_DIRECTIONS FOR THIS TASK_: Take the lines in the listing below from the line with "New 2026 Chevrolet TrailBlazer LT" up to and including the line with "Dear diri sendiri" and set them down exactly, skipping pictures and adding nothing.

_DATA FOR ANALYSIS_:
#####

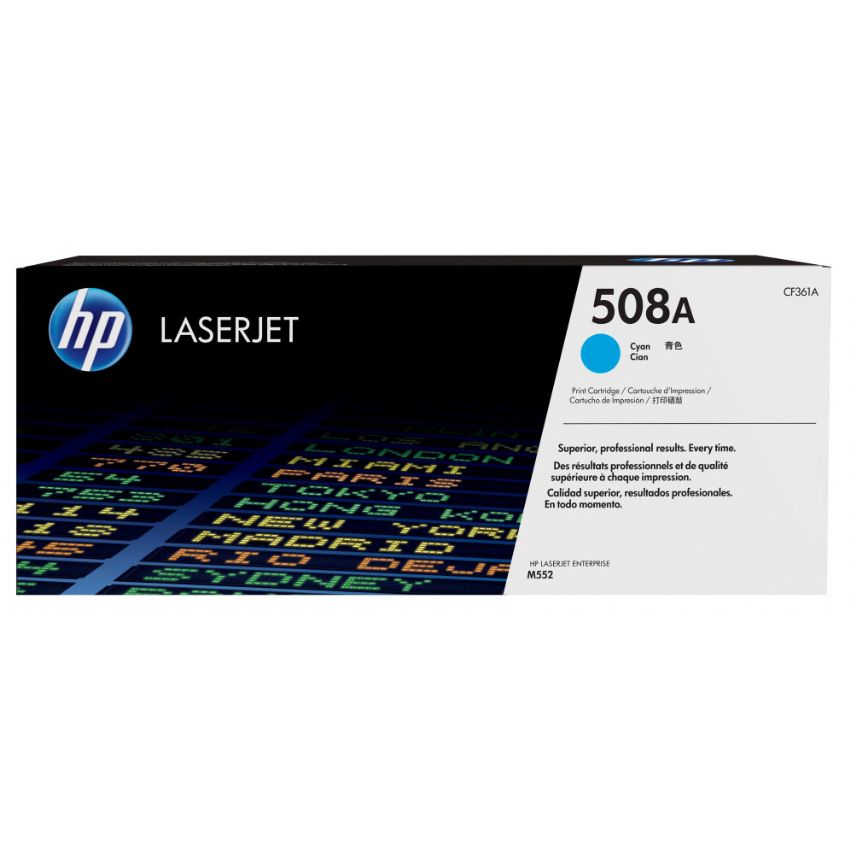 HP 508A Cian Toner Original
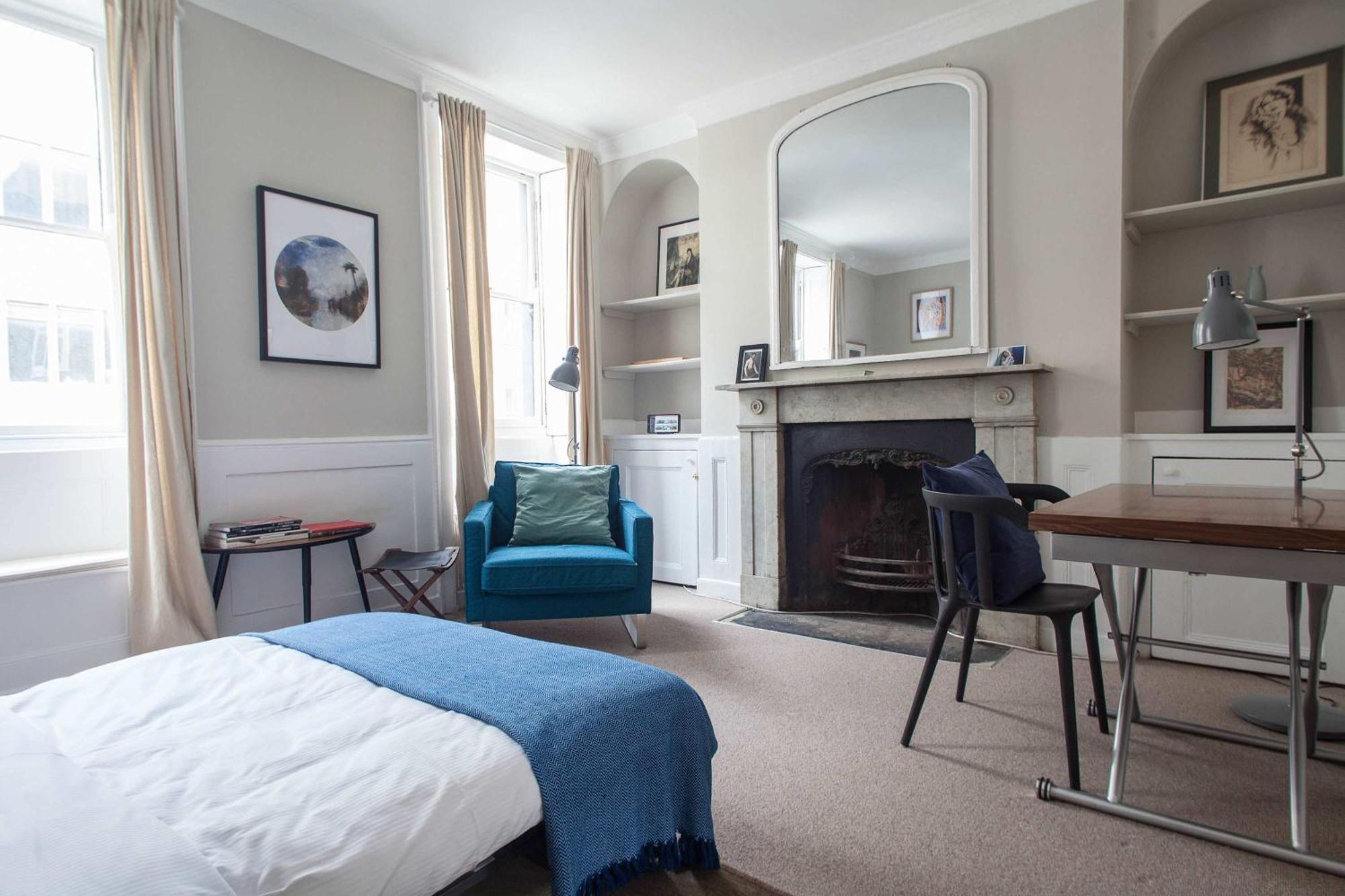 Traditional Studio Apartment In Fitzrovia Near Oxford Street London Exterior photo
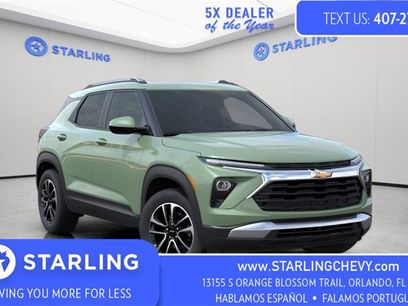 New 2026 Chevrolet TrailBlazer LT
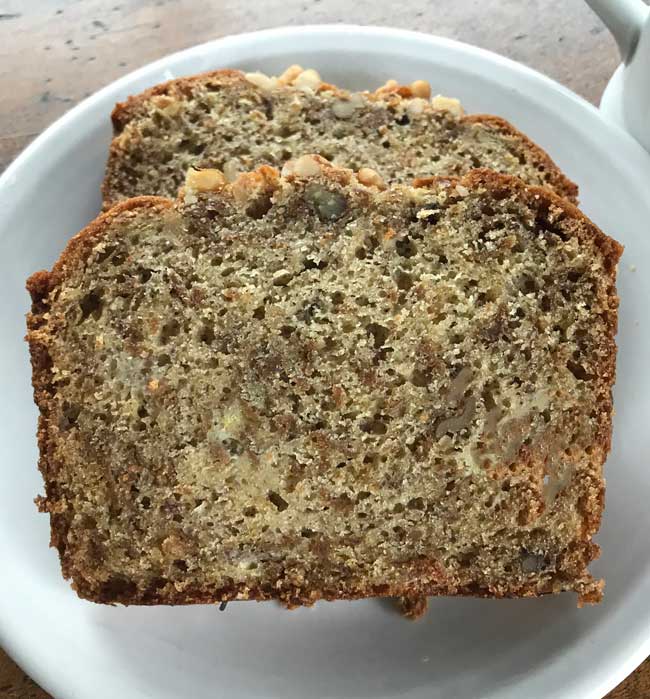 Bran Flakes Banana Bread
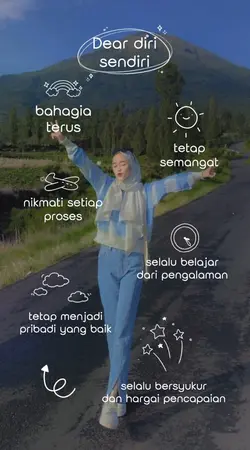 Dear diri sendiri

#####

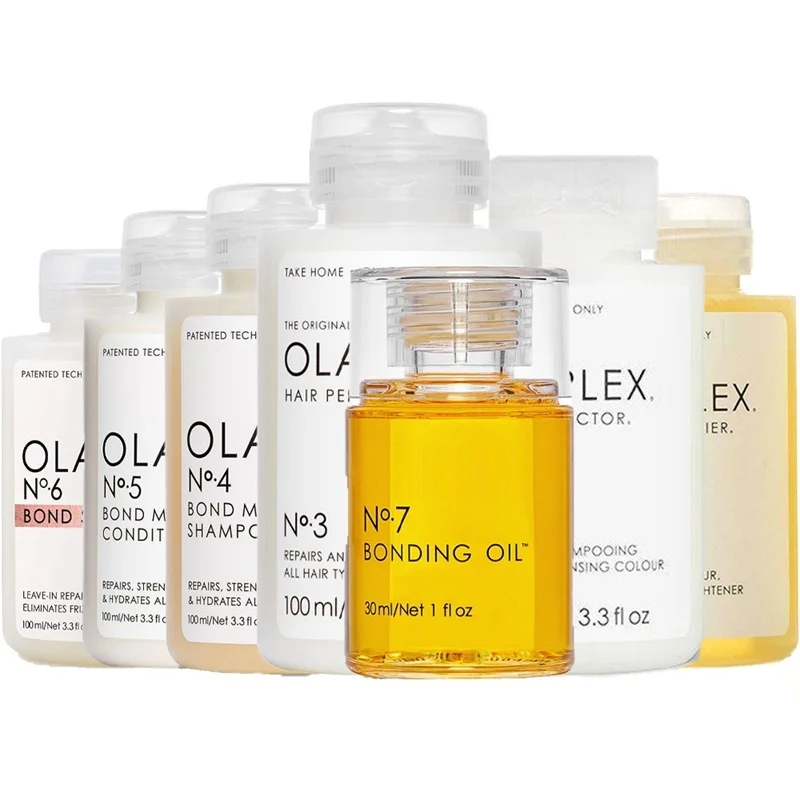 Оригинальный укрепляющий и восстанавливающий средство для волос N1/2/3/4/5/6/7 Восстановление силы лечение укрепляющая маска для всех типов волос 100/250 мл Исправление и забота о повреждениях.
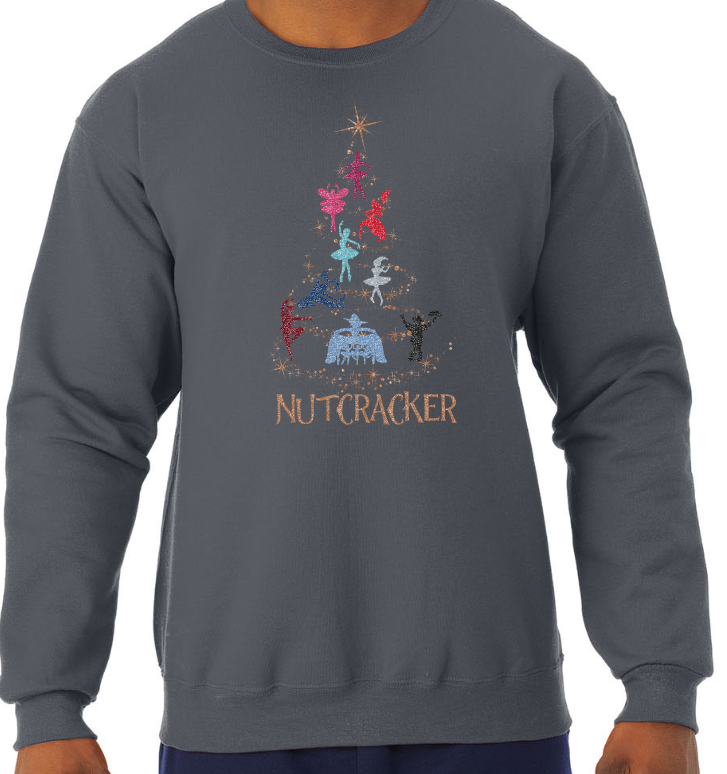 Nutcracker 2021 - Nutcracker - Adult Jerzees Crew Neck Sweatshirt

#####

_RESPONSE BOX_:
 New 2026 Chevrolet TrailBlazer LT
 Bran Flakes Banana Bread
 Dear diri sendiri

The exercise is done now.